Introduction

Over the last several years there has been a heightened focus on climate-related financial risk in the banking sector.  Much of the discussion has been high level and qualitative because of the complex conceptual, data, and modeling challenges at play.  Recently, researchers from the Federal Reserve Bank of New York and New York University released a research paper that attempts to estimate climate risk in the banking sector.  Data-based research that attempts to quantify these risks is welcome because it imposes important and much needed discipline on the problem of quantifying climate related financial risks.  At the same time this effort, and efforts like it, should be viewed cautiously in light of its early stages as well as the many significant data, modeling and broader conceptual challenges presented by the problem of measuring climate risk in the financial system.  Indeed, a review of the paper’s findings shed important and appropriate light on the high degree of variability and uncertainty in climate risk estimates.  Academic research of this kind is in its infancy.  Accordingly, the results of this and related research should be viewed with a healthy dose of caution and should not be interpreted as conveying settled or established facts.  In this post, we briefly review the paper and discuss some of the conceptual and empirical challenges that are highlighted by this work. 

Systemic Risk and Climate Risk: Measurement Challenges

The paper attempts to estimate climate risk by utilizing and further innovating a statistical measure of “systemic risk” – SRISK – that was introduced to the economics literature a decade ago.  Ten years sounds like a long time, but in the context of reaching consensus on the` validity of a new empirical measure, 10 years is not very long at all.  This is even more true in the case of systemic risk measures because systemic risk is inherently difficult to measure from a conceptual standpoint.  These challenges are well known and have been seriously considered for as long as people have been trying to measure systemic risk.  And while SRISK is one measure among many that is considered by economists and policymakers, it is far from universally accepted as a measure of systemic risk providing pinpoint accuracy.  The climate version of SRISK – CRISK – should accordingly be viewed with an even greater degree of caution and humility.  We are still at the early stages of systemic risk measurement and indeed at the earliest stages of systemic climate risk measurement.

Climate Risk Measurement: Conceptual Challenges

The CRISK measure offered by the researchers does present some interesting conceptual questions for climate risk measurement.  Put briefly, the CRISK measure attempts to quantify the capital shortfall that would occur at a bank in the event of a significant climate stress event.  At a conceptual level, this is an interesting measure, but operationalizing it in practice raises several, important conceptual issues.

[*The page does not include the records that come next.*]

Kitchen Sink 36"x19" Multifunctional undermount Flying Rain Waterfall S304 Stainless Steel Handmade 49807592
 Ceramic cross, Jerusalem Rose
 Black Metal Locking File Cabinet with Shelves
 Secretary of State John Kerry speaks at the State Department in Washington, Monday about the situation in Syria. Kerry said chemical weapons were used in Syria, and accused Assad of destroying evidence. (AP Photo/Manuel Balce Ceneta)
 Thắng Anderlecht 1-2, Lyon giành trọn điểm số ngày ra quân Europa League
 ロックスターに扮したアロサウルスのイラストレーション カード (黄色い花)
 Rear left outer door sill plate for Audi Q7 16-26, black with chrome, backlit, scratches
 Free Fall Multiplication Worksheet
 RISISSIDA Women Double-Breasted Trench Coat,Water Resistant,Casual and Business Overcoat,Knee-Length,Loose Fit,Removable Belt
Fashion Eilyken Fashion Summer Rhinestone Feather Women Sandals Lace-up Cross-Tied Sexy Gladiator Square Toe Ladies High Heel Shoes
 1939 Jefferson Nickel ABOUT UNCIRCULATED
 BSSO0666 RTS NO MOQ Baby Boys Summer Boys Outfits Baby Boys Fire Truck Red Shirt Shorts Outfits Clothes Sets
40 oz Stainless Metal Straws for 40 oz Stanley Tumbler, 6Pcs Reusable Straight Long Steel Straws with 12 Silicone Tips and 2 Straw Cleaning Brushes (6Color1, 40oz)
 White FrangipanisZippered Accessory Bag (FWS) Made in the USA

First, the measure is heavily dependent on historical fluctuations in the market value of equity.  Market values should never be ignored, but market values are also known to be highly susceptible to bouts of volatility that are driven by short-term investor sentiment and not long-run fundamental risks.  This feature of asset prices is well known and long ago led Paul Samuelson to famously quip that the stock market had predicted “nine of the last five recessions.”  To be clear, market valuations should never be ignored, but there is an open question about how informative they are about long-run, fundamental risks such as systemic climate-related financial risks.  Correlations with market values should not be immediately and uncritically identified with fundamental risks like climate risk.

Second, the paper acknowledges that CRISK is solely focused on “transition risk,” by which the authors mean that risk associated with a significant policy shift toward a lower carbon economy, which has negative consequences for certain sectors of the economy.  The authors empirically proxy for transition risk by using the market return on a portfolio of fossil fuel companies.  The idea is that a policy shift toward a greener economy would result in negative returns to the fossil fuel industry.  The analysis then empirically measures the historical sensitivity of bank equity prices to this fossil fuel portfolio.

This exercise is emblematic of much empirical economic research.  Researchers have a theoretical concept in mind that they want to measure in the data, but the data are imperfect and some highly imperfect proxy must be put forward to do any analysis.  In such cases, we should be careful to consider whether the proxy faithfully and accurately represents the target concept.

In this case, there are reasons to suspect that the identified transition risk proxy may not be fully accurate or adequate.  Specifically, the fossil fuel industry could exhibit fluctuations for a number of reasons – such as supply shocks or political instability – that bear no relation to climate risk.  Accordingly, the measured sensitivities may reflect sensitivities to factors that are unrelated to climate risk.  Moreover, it’s not exactly clear how the fossil fuel industry would adapt – and over what timescale it would adapt – to a green policy transition.  For example, fossil fuel industries may innovate and expand into greener technologies that could actually lead to an increase in their equity value.  More broadly, the exercise of predicting how transition risk will arise and how it will impact the economy or the banking is sector is speculative by design.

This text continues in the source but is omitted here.